Exercise instructions :: When you set down the entries, keep every word exactly as it is but drop the pictures.

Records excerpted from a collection
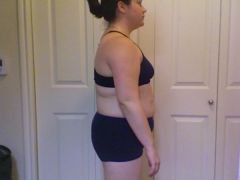 July 8, 2010 - One Month After Surgery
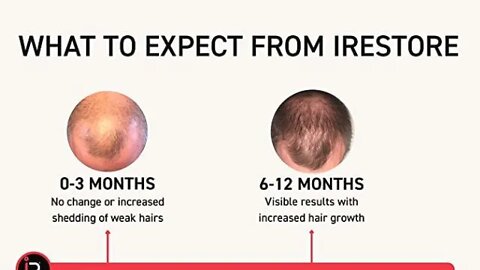 iRestore Essential Laser Hair Growth System - FDA Cleared Hair Growth for Men & Hair Loss Treatments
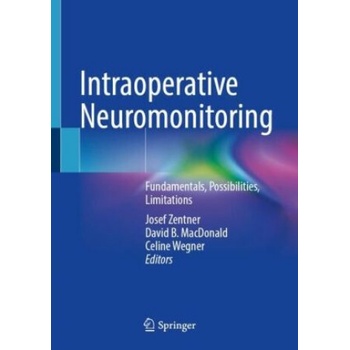 Intraoperative Neuromonitoring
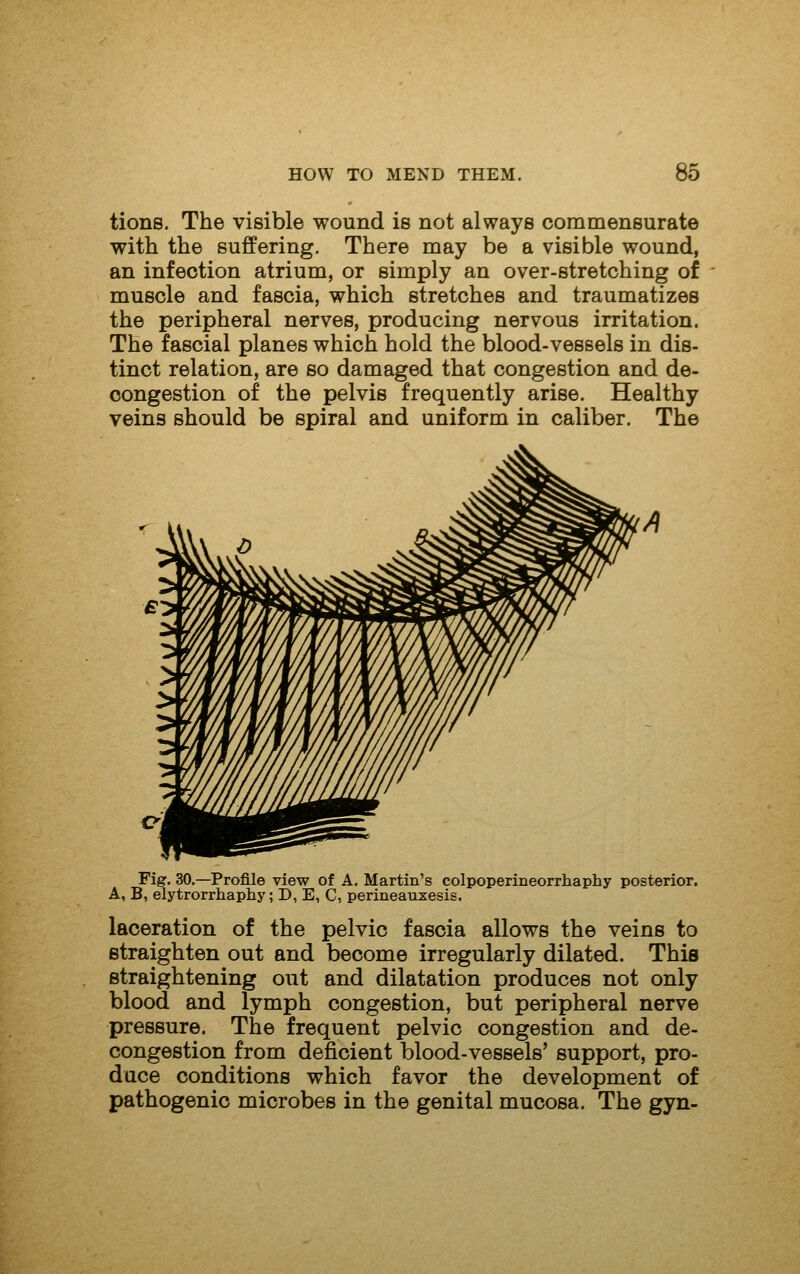 tions. The visible wound is not always commensurate with the suflPering. There may be a visible wound, an infection atrium, or simply an over-stretching of muscle and fascia, which stretches and traumatizes the peripheral nerves, producing nervous irritation. The fascial planes which hold the blood-vessels in dis- tinct relation, are so damaged that congestion and de- congestion of the pelvis frequently arise. Healthy veins should be spiral and uniform in caliber. The Fig. 30.—Profile view of A. Martin's colpoperineorrhaphy posterior. A, B, elytrorrhaphy; D, E, C, perineauxesis. laceration of the pelvic fascia allows the veins to straighten out and become irregularly dilated. This straightening out and dilatation produces not only blood and lymph congestion, but peripheral nerve pressure. The frequent pelvic congestion and de- congestion from deficient blood-vessels' support, pro- duce conditions which favor the development of pathogenic microbes in the genital mucosa. The gyn-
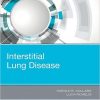 Interstitial Lung Disease, 1e – Original PDF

Answer to the exercise ::
 July 8, 2010 - One Month After Surgery
 iRestore Essential Laser Hair Growth System - FDA Cleared Hair Growth for Men & Hair Loss Treatments
 Intraoperative Neuromonitoring
 tions. The visible wound is not always commensurate with the suflPering. There may be a visible wound, an infection atrium, or simply an over-stretching of muscle and fascia, which stretches and traumatizes the peripheral nerves, producing nervous irritation. The fascial planes which hold the blood-vessels in dis- tinct relation, are so damaged that congestion and de- congestion of the pelvis frequently arise. Healthy veins should be spiral and uniform in caliber. The Fig. 30.—Profile view of A. Martin's colpoperineorrhaphy posterior. A, B, elytrorrhaphy; D, E, C, perineauxesis. laceration of the pelvic fascia allows the veins to straighten out and become irregularly dilated. This straightening out and dilatation produces not only blood and lymph congestion, but peripheral nerve pressure. The frequent pelvic congestion and de- congestion from deficient blood-vessels' support, pro- duce conditions which favor the development of pathogenic microbes in the genital mucosa. The gyn-
 Interstitial Lung Disease, 1e – Original PDF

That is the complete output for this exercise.